Anyway, if the site seems basicly readable to other people as well, then it'll probably hold for Gencon. We'll have plenty of time to fiddle with it later in the fall. And now I'm also pretty proficient in messing around with Wordpress themes, if anybody needs a hand at that...

Title: Re: Using Wordpress for a company website
Post by: greyorm on August 08, 2008, 09:11:29 AM
Raven: the difference is pretty obvious if you also look at the site in Firefox.

I did, which is why I asked as I only noticed the one difference. Looking again today, and with your pointer about the borders, I do see it doesn't render them. I wouldn't say the failure to render the borders is a "pretty obvious" one, as I missed it on my quick comparison last night. It won't break your site, and the sections are clearly defined without the borders. Still, I can poke around your CSS and see why the borders aren't coming up in IE, and a couple other minor things I noticed. (But, yeah, I share your disgust and non-concern with optimizing for the shit-tasticness that is IE.)

Title: Re: Using Wordpress for a company website
Post by: iago on August 08, 2008, 09:54:52 AM
Just as an additional datapoint, Evil Hat's website is entirely Wordpress:

The alterations I made to it are pretty minimal.
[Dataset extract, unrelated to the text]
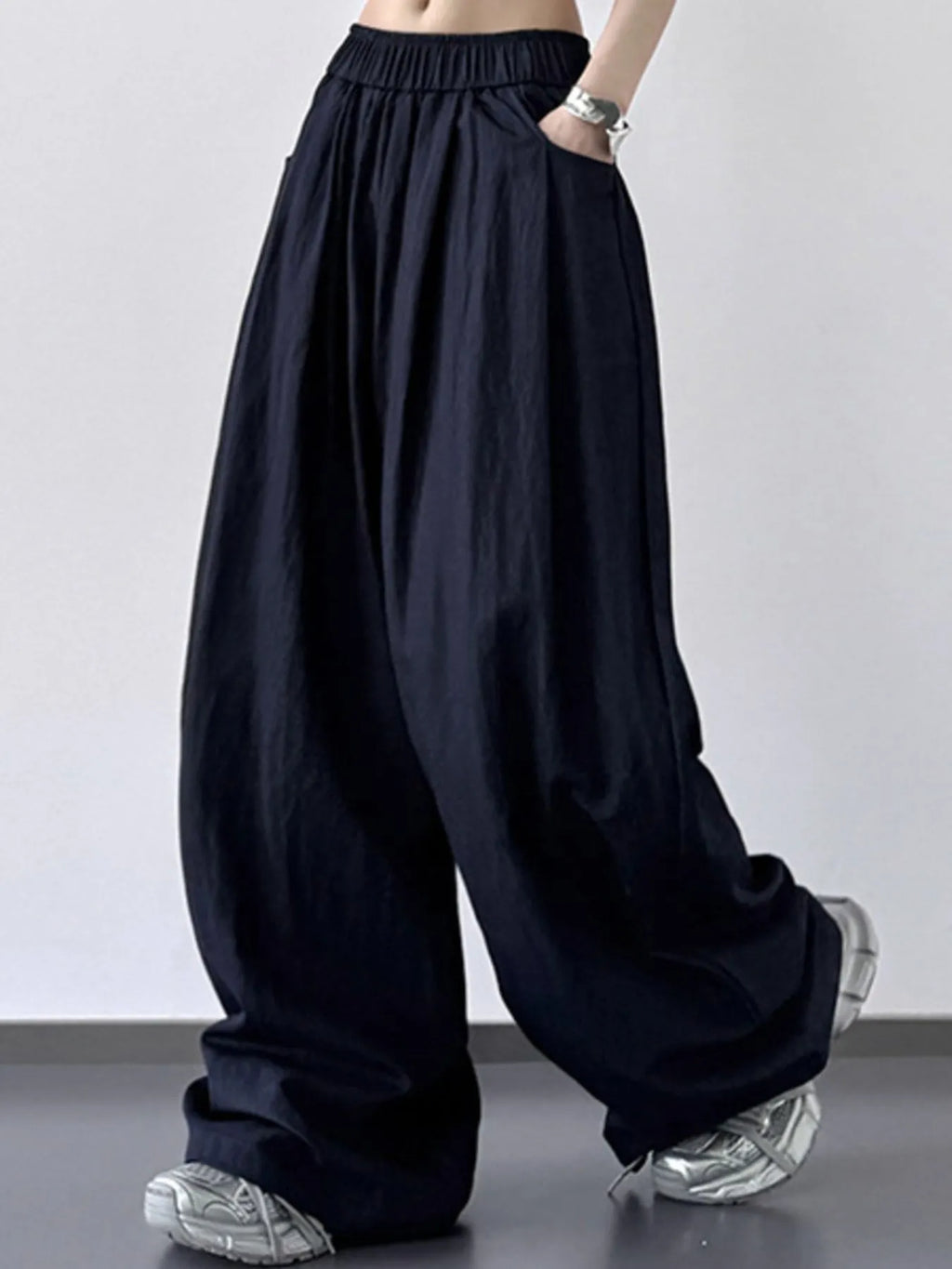 Wide Leg Pants with Elastic Waistband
Title: Re: Using Wordpress for a company website
Post by: Kerin on September 17, 2008, 08:39:50 PM
Personally, my site runs on CMS Made Simple ( after having several shouting-matches with my awful Fantastico'd wordpress.  I've managed to get it looking quite lovely - you'll forgive me for not linking to it yet, as I'm quite a ways from being ready to advertise, but if anyone's really curious PM me and I will demonstrate.